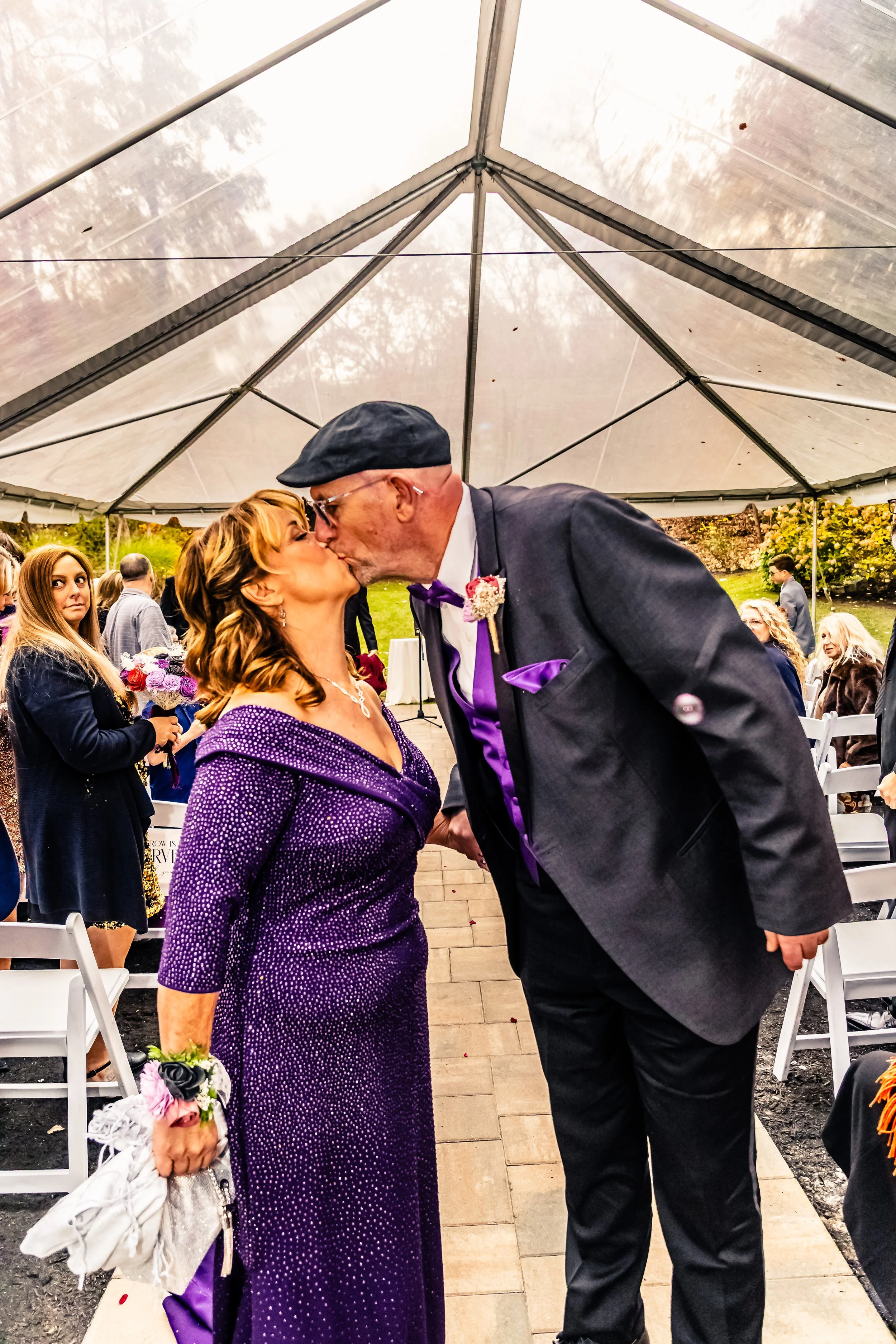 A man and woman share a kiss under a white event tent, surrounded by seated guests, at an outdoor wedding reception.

▬▬▬▬▬▬▬▬▬▬

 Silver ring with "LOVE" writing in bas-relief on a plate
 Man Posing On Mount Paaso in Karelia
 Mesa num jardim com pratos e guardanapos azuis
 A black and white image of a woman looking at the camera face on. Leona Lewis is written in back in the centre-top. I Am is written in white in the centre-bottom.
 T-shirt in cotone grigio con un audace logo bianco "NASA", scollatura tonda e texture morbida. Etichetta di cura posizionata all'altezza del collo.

▬▬▬▬▬▬▬▬▬▬

#### [Your instructions]
Taking the material above, extract exactly and only the lines from the line with "Silver ring with" to the line with "T-shirt in cotone", inclusive of both.

#### [Output for this exercise]
 Silver ring with "LOVE" writing in bas-relief on a plate
 Man Posing On Mount Paaso in Karelia
 Mesa num jardim com pratos e guardanapos azuis
 A black and white image of a woman looking at the camera face on. Leona Lewis is written in back in the centre-top. I Am is written in white in the centre-bottom.
 T-shirt in cotone grigio con un audace logo bianco "NASA", scollatura tonda e texture morbida. Etichetta di cura posizionata all'altezza del collo.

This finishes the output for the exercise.